O terremoto que alterou sua vida ocorreu há 15 anos, quando Robert estava em sua residência. Em poucos segundos, ele foi surpreendido por um estrondo ensurdecedor e viu sua casa desabar. Após o colapso, conseguiu escapar dos escombros com 60% dos ossos do pé fraturados, acompanhado por sua esposa Melanie e seu filho mais novo, que na época tinha apenas dois anos. Tragicamente, seu filho mais velho, de três anos, e seu melhor amigo ficaram presos entre os destroços.
Com o Haiti em ruínas, Robert recebeu atendimento médico somente três dias depois do desastre e foi transferido para Guadalupe para tratamento adequado. Durante este período, aguardava notícias de seu filho desaparecido e começou a se ver como uma vítima das circunstâncias.
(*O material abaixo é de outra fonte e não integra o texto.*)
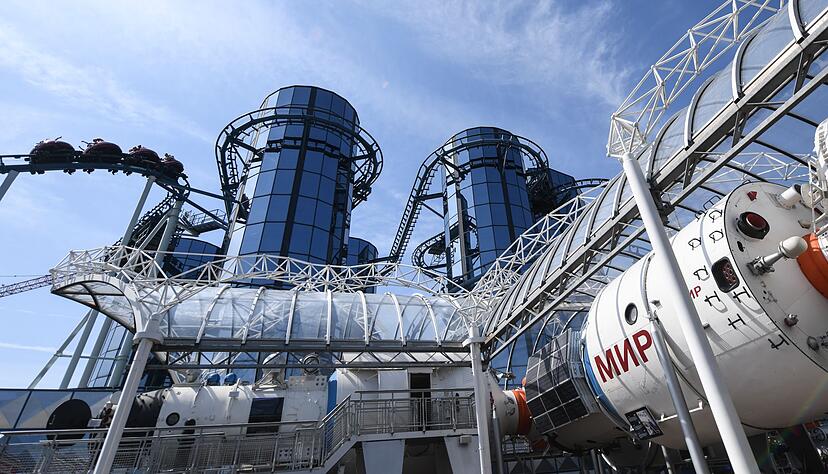 Steht vor der Achterbahn: Ein Nachbau der Raumstation &laquo;Mir&raquo;, nach dem das Fahrgesch&auml;ft benannt ist.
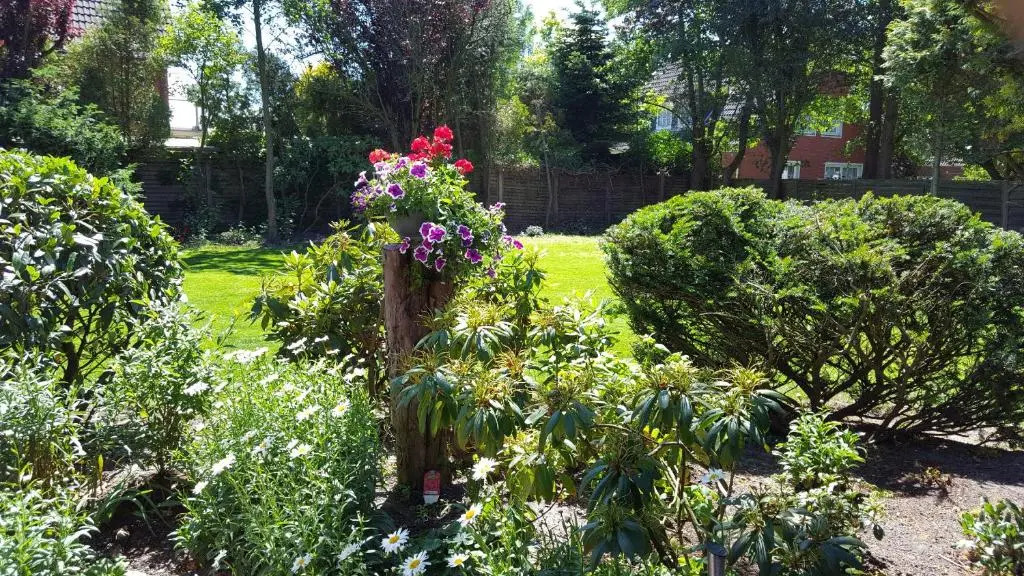 Wohnung 1 mit überdachte Terrasse zum Garten Nähe Strand und Hafen Bensersiel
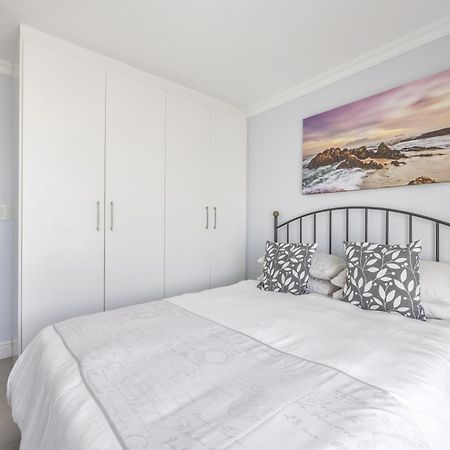 Oceanview Holiday Accommodation Bloubergstrand Exterior photo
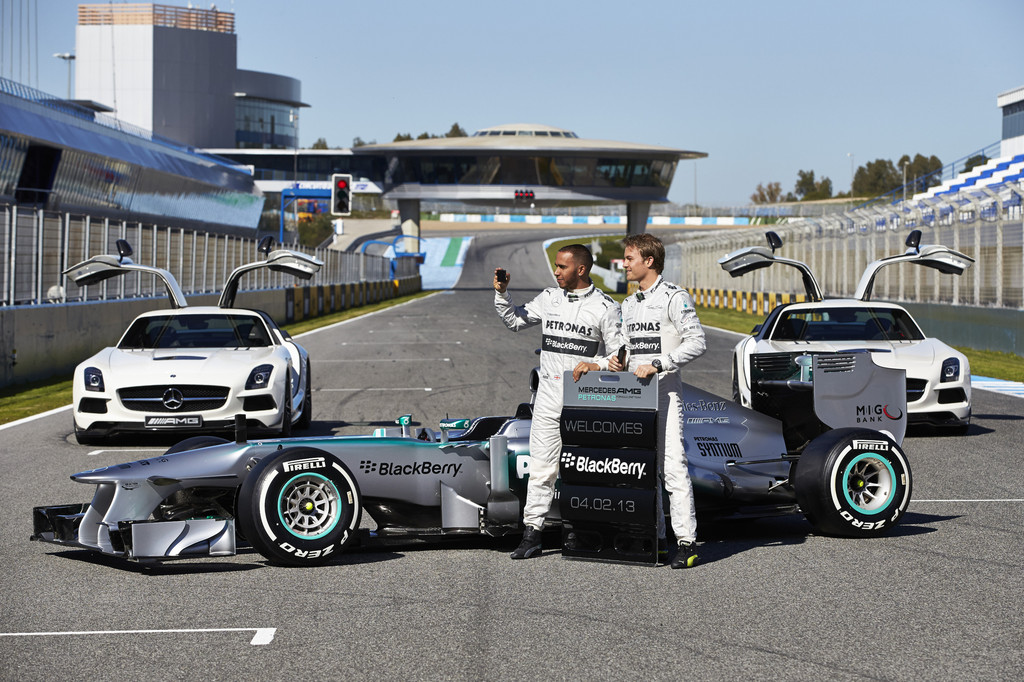 Neuer Silberpfeil F1 W04 in Jerez vorgestellt
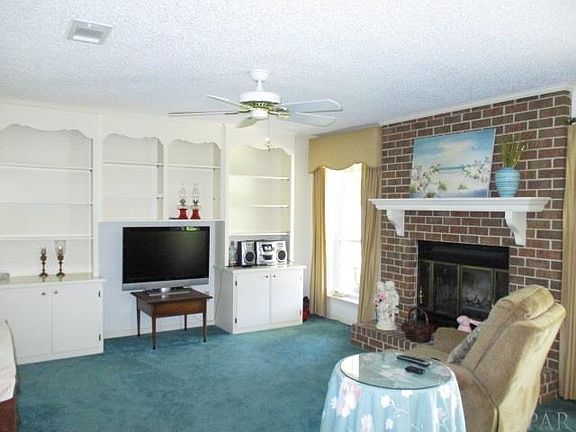 3rd image of 354 Arabian Cir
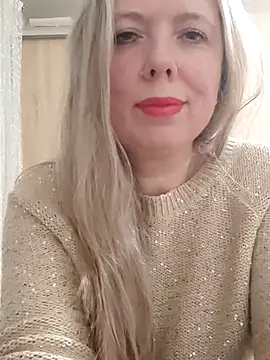 Irina3718 online show from 11-12-25, 04:22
Felizmente, seu filho foi encontrado com vida e hoje tem 17 anos; porém, seu melhor amigo não sobreviveu ao desastre. Após meses de recuperação e cirurgias, Robert retornou ao Haiti. Ele continuou seu trabalho na mediação de conflitos no país devastado, mas a limitação física decorrente do ferimento no pé dificultou sua atuação.
Com o desejo de recomeçar a vida em outro lugar, Robert considerou países como Estados Unidos, França e Canadá antes de decidir solicitar asilo no Brasil. Desde então, ele tem trabalhado arduamente para promover os direitos dos refugiados e migrantes. Em 2012, fundou a Mawon, uma associação dedicada à integração socioeconômica da comunidade haitiana.
Um ano atrás, Robert decidiu diversificar suas atividades e encontrou uma nova paixão no Mural do Clima. Este projeto consiste em um jogo educativo com 42 cartas que aborda as causas e consequências da crise climática e é baseado em relatórios científicos do IPCC (Painel Intergovernamental sobre Mudanças Climáticas da ONU). O jogo é utilizado em workshops voltados para escolas e empresas e proporciona uma fonte de renda para Robert e outros refugiados.
“Esse jogo mostra para a gente de onde saiu o problema e o que cada um precisa fazer no sentido individual e coletivo”, afirmou Montinard. Ele acredita que a iniciativa oferece uma plataforma valiosa para discutir soluções e mobilizar engajamentos sociais.
Embora o terremoto não tenha sido causado por mudanças climáticas, Robert reconhece que desastres subsequentes como furacões e surtos de doenças foram exacerbados por alterações climáticas que impactaram ainda mais a já fragilizada infraestrutura do Haiti.
No Brasil, as tragédias naturais também têm afetado comunidades vulneráveis; as chuvas intensas no Rio Grande do Sul no ano passado atingiram cerca de 43 mil refugiados, incluindo haitianos.
Montinard observa que as vítimas mais afetadas pelas catástrofes climáticas frequentemente pertencem a grupos marginalizados: “Pobres, mulheres, pessoas negras, imigrantes, indígenas e membros da comunidade LGBTQIA+ são sempre os mais vulneráveis. Não são apenas eles que sofrerão com as catástrofes; eles ficarão ainda mais fragilizados”.
Apesar de ter tentado se distanciar do tema da migração nos últimos tempos, Robert se viu compelido a lutar por uma causa que ressoa profundamente com sua própria história: as pessoas deslocadas pelas mudanças climáticas. Ele está empenhado em conquistar um reconhecimento legal para esses indivíduos independentemente de sua nacionalidade. “Eles precisam de um nome e proteção legal que defina seus direitos”, argumenta Montinard. Para ele, não é suficiente fornecer abrigo temporário ou colchões; é necessária uma abordagem mais robusta para garantir dignidade aos deslocados.
“Eu sei o que é ser uma vítima”, conclui Robert Montinard.